I just received the email (below my signature) and wondered if anyone else has heard of this. (I am usually the last person to find out stuff or hear gossip.) If this is something that has been discussed, junk the email. If this is new to the rest of you, please check it out and send it on to as many artists and writers and creative people as you possibly can.
It is very disturbing to think that our hard work could be used and claimed by others if this goes through."

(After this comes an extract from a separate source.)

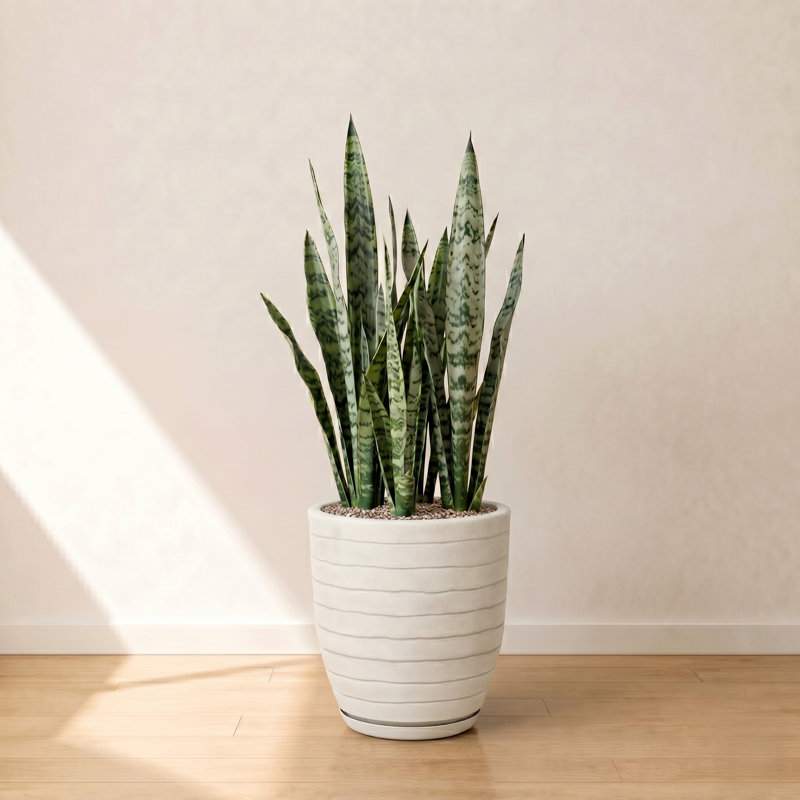 Clumm ECOBO EcoFriendly Round Pot Planter, Ravina Indoor Outdoor use, Four Season Use, Off-White, 15.7" H x 11.8" W x 11.8" D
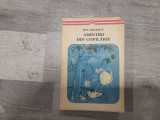 Amintiri din copilarie de Ion Creanga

BUT: I'm on the other side of this one: to me these "rights" are Wrong! I think the opposition to this law is from publishers and other middle-men who want to limit what art is available to that which currently makes money for THEM. Copyright has been extended to a creation-killing degree. Under this law, once something is out of print and the author cannot be found, it will go to Public Domain-- as all published material did after set term for most of the history of copyright (which is a small part of the history of creativity). 26 years, 52 years, was long enough! I've been waiting my whole adult life to do a dramatization of a novel written before I was born and out of print for many years-- and each time I think the copyright will expire, lobbyists extend it! Now I know I will die before that story is free to be used. Under this new law, IF the author or heir is living and wants to reclaim the Orphan, s/he may do so -- but otherwise the the next generations of artists (and more importantly, readers) will have access to "orphan" work-- as our parents and grandparents and forebears did. Lengthly copyright is a phenomenon of OUR deprived generation! Publishers who would be willing to print on-demand a long out of print work by a dead author, composers who would like to adapt it for a musical or opera, are prevented from doing so now because a commercial enterprise "owns" the rights. No publisher or adapter of an "orphan" will be able to "claim" another's work: the original author will be credited and acknowledged: s/he simply is not around to collect royalties or give permission for adaptations. It breaks the "If our company can't make enough money from this work, we won't let anybody else distribute it-- after all, it would be "competing" with the authors we ARE marketing these days!" attitude. Otherwise, Disney will "own" the fairy tales and stories they stole from Public Domain forever after. I'm for "copyleft" and a generous Public Domain for our grandchildren.